Methane nucleation in the atmosphere of Neptune

Observations and modelling of albedo, cloud cover, and aerosols on Neptune (e.g. Lockwood and Thompson, Nature 280, 1979; Irwin et al, JGR Planets 127, 2022; Chavez et al, Icarus 404, 2023) have been ongoing for a long time. A feature that has yet to be fully explained is the (anti)correlation between the albedo and the 11-year solar cycle.

UV light, which varies highly with solar activity, can affect photochemistry by photolysis of methane, which can lead to haze formation (Romani and Atreya, Icarus 74(3), 1988) and under the right conditions methane can form aerosols by itself. Ionization by galactic cosmic rays can enhance aerosol nucleation rates by lowering the Gibbs free energy barrier for stable cluster formation.
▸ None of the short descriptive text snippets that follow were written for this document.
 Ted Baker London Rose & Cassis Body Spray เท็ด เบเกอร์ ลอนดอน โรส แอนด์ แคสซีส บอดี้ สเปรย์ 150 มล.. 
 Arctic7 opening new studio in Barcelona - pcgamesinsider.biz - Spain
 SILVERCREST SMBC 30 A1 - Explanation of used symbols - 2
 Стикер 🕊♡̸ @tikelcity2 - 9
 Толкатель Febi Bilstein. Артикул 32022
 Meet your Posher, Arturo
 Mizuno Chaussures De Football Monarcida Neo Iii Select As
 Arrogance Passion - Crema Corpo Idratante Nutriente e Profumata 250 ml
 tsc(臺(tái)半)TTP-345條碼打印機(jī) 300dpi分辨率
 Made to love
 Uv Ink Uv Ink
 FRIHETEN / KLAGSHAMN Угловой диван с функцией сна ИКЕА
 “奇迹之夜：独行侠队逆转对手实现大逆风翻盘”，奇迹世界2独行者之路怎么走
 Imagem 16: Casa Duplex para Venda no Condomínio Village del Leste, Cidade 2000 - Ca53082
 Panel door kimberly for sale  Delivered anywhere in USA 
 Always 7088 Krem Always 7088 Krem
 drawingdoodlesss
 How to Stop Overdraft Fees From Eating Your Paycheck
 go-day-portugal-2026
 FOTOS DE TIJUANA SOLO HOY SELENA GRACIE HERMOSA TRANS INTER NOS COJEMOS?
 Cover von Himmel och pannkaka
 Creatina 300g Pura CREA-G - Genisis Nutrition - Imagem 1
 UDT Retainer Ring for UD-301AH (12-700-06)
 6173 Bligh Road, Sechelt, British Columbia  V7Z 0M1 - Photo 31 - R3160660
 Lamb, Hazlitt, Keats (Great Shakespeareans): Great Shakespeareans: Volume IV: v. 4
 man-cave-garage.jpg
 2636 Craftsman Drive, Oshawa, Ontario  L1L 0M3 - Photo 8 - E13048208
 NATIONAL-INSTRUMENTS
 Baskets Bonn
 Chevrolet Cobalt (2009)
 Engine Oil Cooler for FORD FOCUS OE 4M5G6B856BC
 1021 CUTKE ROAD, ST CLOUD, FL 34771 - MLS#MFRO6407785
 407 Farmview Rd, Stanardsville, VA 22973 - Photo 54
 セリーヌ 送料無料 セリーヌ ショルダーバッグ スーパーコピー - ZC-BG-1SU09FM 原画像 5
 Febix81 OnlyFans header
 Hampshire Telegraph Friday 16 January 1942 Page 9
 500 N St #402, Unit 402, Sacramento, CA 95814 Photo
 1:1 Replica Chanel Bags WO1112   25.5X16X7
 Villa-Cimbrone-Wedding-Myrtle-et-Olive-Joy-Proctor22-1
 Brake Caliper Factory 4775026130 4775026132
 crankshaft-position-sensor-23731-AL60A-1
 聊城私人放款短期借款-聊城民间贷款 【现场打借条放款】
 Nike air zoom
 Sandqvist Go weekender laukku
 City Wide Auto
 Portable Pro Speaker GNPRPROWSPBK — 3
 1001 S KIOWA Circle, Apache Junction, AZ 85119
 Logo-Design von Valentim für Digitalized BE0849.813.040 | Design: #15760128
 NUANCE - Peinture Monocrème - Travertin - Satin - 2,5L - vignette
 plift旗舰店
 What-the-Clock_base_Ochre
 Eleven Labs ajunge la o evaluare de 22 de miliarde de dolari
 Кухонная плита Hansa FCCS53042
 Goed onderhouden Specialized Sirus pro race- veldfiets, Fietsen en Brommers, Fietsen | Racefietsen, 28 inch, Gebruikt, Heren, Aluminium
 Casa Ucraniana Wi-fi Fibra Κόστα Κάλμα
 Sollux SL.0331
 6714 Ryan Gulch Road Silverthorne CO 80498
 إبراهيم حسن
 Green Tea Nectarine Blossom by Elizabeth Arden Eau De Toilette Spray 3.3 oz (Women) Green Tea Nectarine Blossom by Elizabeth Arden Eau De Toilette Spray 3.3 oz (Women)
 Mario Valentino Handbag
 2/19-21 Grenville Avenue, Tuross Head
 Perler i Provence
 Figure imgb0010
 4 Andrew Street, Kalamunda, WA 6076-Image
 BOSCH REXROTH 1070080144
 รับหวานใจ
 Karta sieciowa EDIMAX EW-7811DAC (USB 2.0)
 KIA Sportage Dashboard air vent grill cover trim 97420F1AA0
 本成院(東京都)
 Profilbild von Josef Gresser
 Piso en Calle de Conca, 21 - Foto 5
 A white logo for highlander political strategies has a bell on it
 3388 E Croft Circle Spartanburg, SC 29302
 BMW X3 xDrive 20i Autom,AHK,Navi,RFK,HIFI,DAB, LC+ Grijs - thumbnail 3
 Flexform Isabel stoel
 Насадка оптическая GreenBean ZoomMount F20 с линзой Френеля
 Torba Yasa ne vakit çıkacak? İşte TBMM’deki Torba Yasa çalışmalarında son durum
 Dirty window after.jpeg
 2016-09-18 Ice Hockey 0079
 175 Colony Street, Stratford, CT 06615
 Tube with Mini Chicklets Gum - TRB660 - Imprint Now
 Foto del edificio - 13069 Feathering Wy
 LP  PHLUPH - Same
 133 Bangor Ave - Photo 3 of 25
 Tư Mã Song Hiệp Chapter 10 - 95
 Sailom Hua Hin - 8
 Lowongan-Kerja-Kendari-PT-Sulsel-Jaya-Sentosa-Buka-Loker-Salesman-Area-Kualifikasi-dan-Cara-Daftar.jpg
In this work we calculate neutral homogeneous nucleation rates for methane as well as the corresponding ion-induced heterogeneous nucleation rates. We do this both for vertical profiles and horizontal maps of the Neptunian atmosphere.

The starting point is the ISO atmospheric profile for a hot, cold, and nominal Neptune atmosphere. This is combined with a simple methane distribution model constrained by observational values in the troposphere and stratosphere. From this the Gibbs free energy for homogeneous nucleation is calculated, giving the neutral nucleation rate.

We then find ionization rates, based on galactic cosmic ray proton flux maps generated from calculations of cut-off rigidities derived from the magnetic field model of Neptune (Connerney et al, ASR 12(8), 1992) and a particle trajectory program (the Geomagnetic Cutoff Rigidity Computer Program by Smart and Shea, 2001, Tech. Rep. No. 20010071975).

From the ionization rates the ion-induced nucleation rate can be found. We then compare the neutral and ion-induced nucleation rates for a vertical profile to identify which altitudes are dominated by which process.

Horizontal maps at altitudes where the nucleation rates are not dominated by neutral nucleation can then be generated. By using latitudinal variations in the methane concentration in combination with the ionization maps we can identify a geographic distribution of where ion-induced nucleation may play a significant role in the generation of aerosols.